I just recieved my M2Racer saddle yesterday. It seems these have been scaling all over the place but this one is light coming in 41 grams less than my C64! My moring project is to get it mounted and then off on a proper testing ride. I'll post back my intial ride impression and more importantly. I'll let you know what my backside thinks!

Maybe I can drill it to make it lighter?


----------



## Juanmoretime (Nov 24, 2001)

My youngest daughter is graduating from high school and tomorrow is the ceremony so with a house full of people I have limited time this weekend but I did ride the saddle for 50 miles. It felt great! I was just as comfortable as the C64 that I had on there. I'm hoping to get about 75 miles in on it tomorrow but I think it's a keeper. 
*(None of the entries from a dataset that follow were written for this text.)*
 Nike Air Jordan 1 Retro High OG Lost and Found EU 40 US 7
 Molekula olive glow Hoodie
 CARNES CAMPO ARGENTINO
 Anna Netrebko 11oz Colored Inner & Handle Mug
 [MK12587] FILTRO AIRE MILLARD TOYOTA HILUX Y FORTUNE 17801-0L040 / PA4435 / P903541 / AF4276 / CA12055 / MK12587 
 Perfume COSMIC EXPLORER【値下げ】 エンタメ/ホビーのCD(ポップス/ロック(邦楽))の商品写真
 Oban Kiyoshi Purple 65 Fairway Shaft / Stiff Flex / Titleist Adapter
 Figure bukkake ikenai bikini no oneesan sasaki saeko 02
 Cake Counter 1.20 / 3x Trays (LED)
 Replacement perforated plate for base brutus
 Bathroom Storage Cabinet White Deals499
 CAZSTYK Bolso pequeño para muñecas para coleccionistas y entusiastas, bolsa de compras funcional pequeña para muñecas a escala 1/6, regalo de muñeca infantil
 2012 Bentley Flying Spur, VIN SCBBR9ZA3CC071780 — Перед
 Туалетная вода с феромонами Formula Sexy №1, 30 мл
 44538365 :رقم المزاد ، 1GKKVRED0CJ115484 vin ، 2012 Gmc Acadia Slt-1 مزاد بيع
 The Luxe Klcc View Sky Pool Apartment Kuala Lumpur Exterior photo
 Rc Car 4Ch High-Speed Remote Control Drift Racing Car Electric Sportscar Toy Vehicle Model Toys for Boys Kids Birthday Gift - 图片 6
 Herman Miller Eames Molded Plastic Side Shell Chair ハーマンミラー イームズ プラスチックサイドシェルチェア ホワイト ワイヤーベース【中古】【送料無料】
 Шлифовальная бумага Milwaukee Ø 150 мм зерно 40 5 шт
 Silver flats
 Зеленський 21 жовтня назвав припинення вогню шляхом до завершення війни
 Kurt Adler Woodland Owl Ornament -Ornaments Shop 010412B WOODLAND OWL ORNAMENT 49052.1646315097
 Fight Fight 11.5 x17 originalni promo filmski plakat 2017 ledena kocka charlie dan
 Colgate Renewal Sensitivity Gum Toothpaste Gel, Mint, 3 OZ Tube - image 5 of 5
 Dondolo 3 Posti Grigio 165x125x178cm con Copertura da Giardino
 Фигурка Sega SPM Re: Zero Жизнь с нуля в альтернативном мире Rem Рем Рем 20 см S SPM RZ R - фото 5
A big thank you to Gio at Light-bikes.com for hooking me up with the saddle!


----------



## flying (Feb 17, 2004)

42grams boggles my mind Juan  
Congrats again on finding a good place to trim.
PS: No drilling please


----------



## Mark16q (Oct 19, 2004)

Juanmoretime said:


> I just recieved my M2Racer saddle yesterday. It seems these have been scaling all over the place but this one is light coming in 41 grams less than my C64! My moring project is to get it mounted and then off on a proper testing ride. I'll post back my intial ride impression and more importantly. I'll let you know what my backside thinks!
> 
> Maybe I can drill it to make it lighter?


Juanmoretime,

Your posts are clearer elevating the level of conspicuous spending in many biking regions. It's one thing to see the ads for these gems you buy, but your zeal for anti-gravity biking purchases is making my 16 pound Seven feel like a pig. Keep up the good work!

Mark


----------



## CoLiKe20 (Jan 30, 2006)

ouch. Looking at that saddle makes my behind hurts.


----------



## omniviper (Sep 18, 2004)

it's like sitting on nothing at all... or more like two and a half bejamin bills


----------